Try it ▸ The answer must reproduce exactly the lines from the one with "大众 途昂x 2019款 380tsi 四驱尊崇豪华版" through the end of the material, and it must contain no pictures.

Data to process ▸
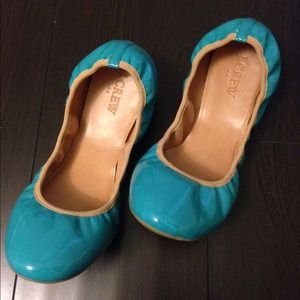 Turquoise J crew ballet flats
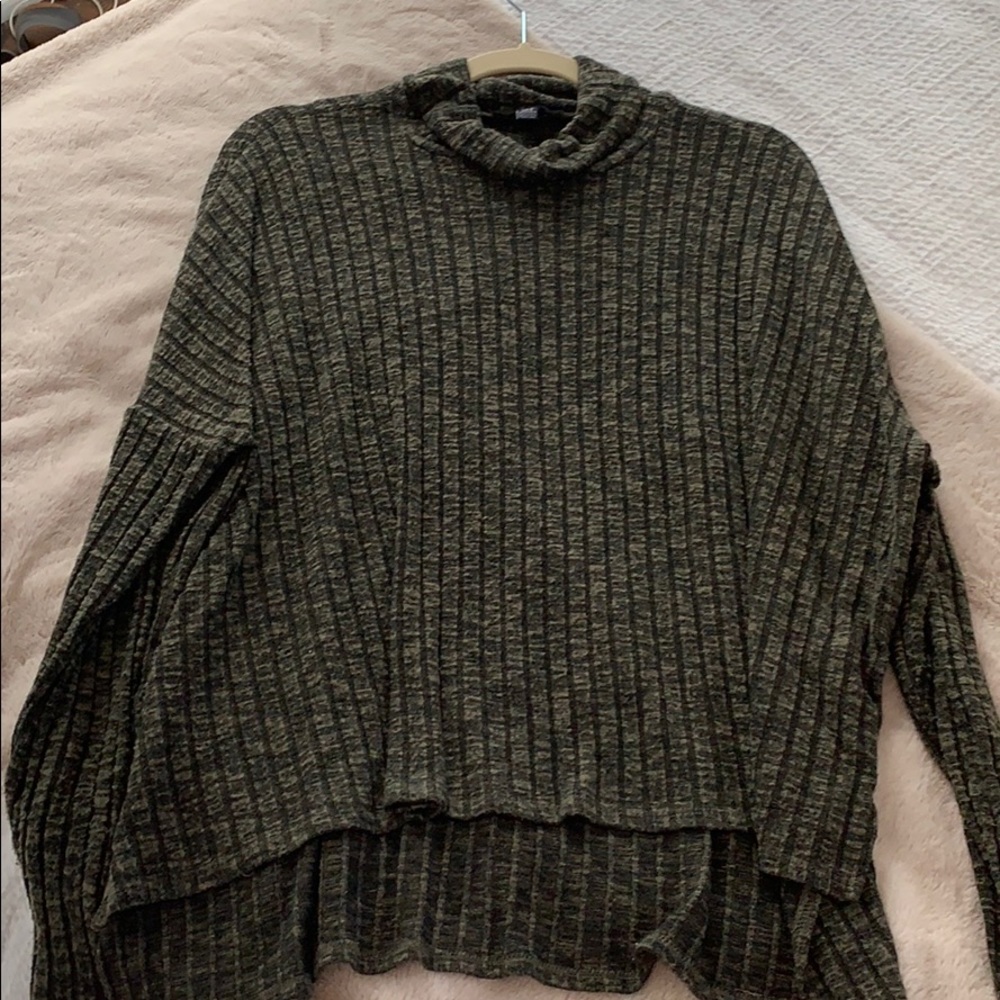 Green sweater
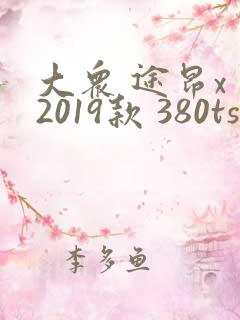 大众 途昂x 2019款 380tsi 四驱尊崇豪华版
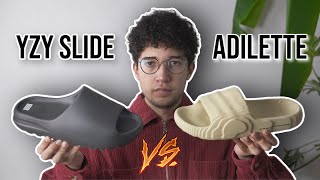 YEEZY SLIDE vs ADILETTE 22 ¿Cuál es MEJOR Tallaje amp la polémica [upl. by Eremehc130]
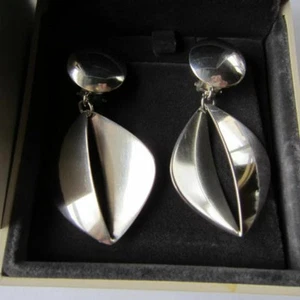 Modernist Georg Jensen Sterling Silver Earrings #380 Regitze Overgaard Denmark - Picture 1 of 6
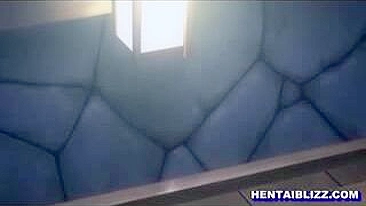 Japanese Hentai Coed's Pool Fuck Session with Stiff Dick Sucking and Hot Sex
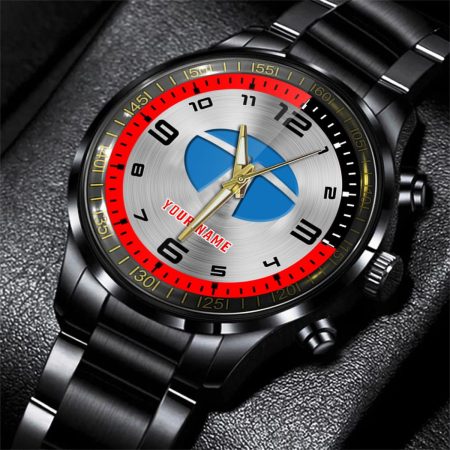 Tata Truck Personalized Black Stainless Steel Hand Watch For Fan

Exercise result ▸
 大众 途昂x 2019款 380tsi 四驱尊崇豪华版
 YEEZY SLIDE vs ADILETTE 22 ¿Cuál es MEJOR Tallaje amp la polémica [upl. by Eremehc130]
 Modernist Georg Jensen Sterling Silver Earrings #380 Regitze Overgaard Denmark - Picture 1 of 6
 Japanese Hentai Coed's Pool Fuck Session with Stiff Dick Sucking and Hot Sex
 Tata Truck Personalized Black Stainless Steel Hand Watch For Fan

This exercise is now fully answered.